NEW YORK (Reuters) - New York firm Cantor Fitzgerald, which is branching out from its core business of electronically trading bonds with other brokers, plans to start managing assets for wealthy individuals around the end of the year, a company spokeswoman confirmed.

Cantor Chief Executive Howard Lutnick has amassed a wide range of new businesses to offset lower income from trading commissions that have fallen due to technology and declining volume.

Cantor Fitzgerald Wealth Partners will cater to people with at least $5 million to invest, with an emphasis on those with $50 million, said Stan Gregor, co-chief executive of the new unit, in an e-mailed statement.

Gregor, a former private banking executive at Wells Fargo & Co. (WFC.N: Quote) joined Cantor earlier this year.

The new business would be Cantor's first to work directly with individuals.

Wealth management is becoming more popular with Wall Street firms eager for steady fees to offset more volatile investment banking and trading revenues.
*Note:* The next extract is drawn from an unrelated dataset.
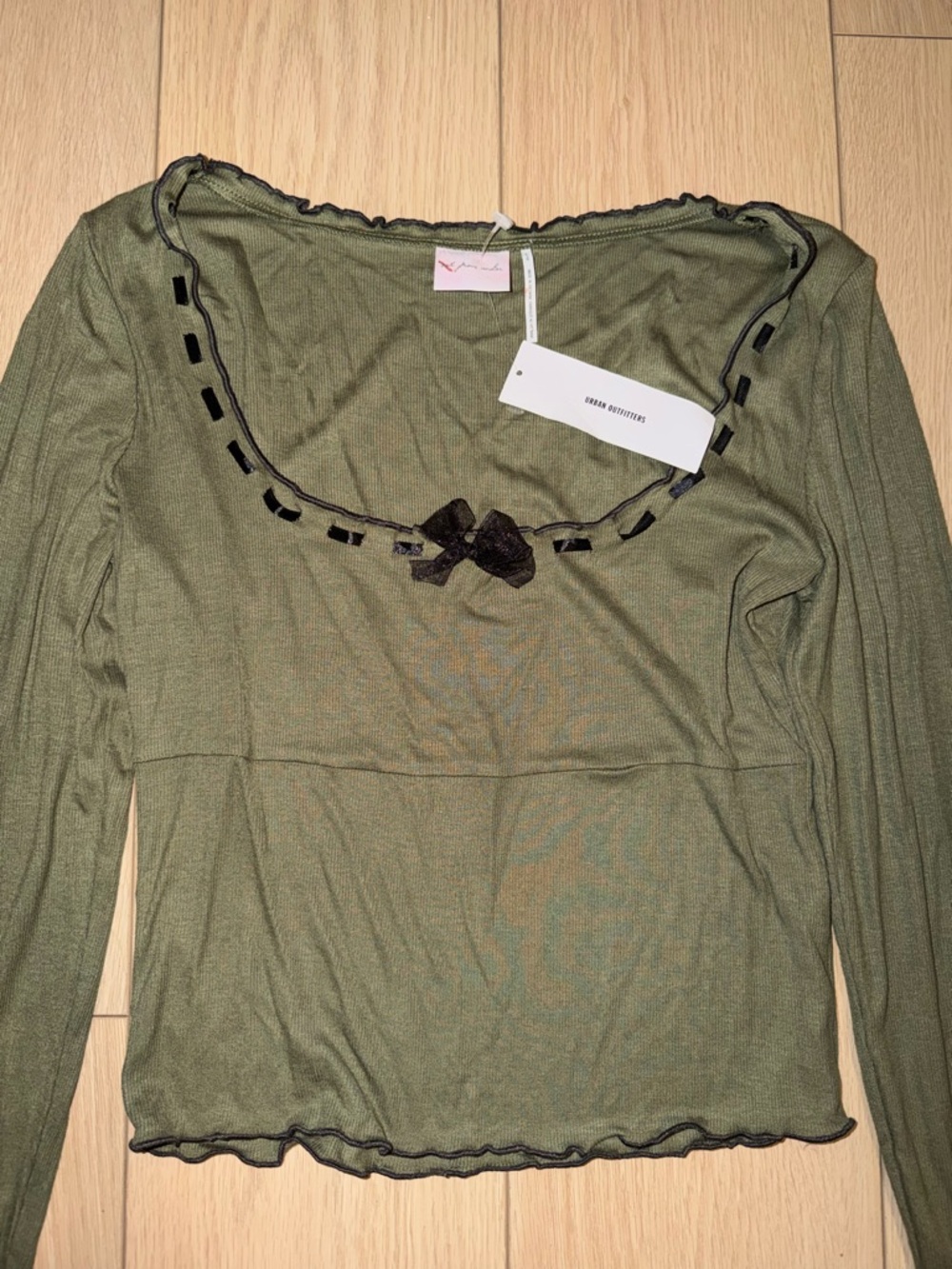 Urban Outfitters Olive Green Long-Sleeve Scoop Neck Top with Bow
Most wealth management firms get paid a percentage of the assets clients entrust to them.

Cantor will be entering a highly competitive area populated by large and small broker-dealers, asset managers and consultants offering different models to successful financial advisers. Many brokers are shedding licenses that let them collect commissions on stock, bond and fund sales to become fee-based registered investment advisers, a transition they say lets them be more objective about their advice.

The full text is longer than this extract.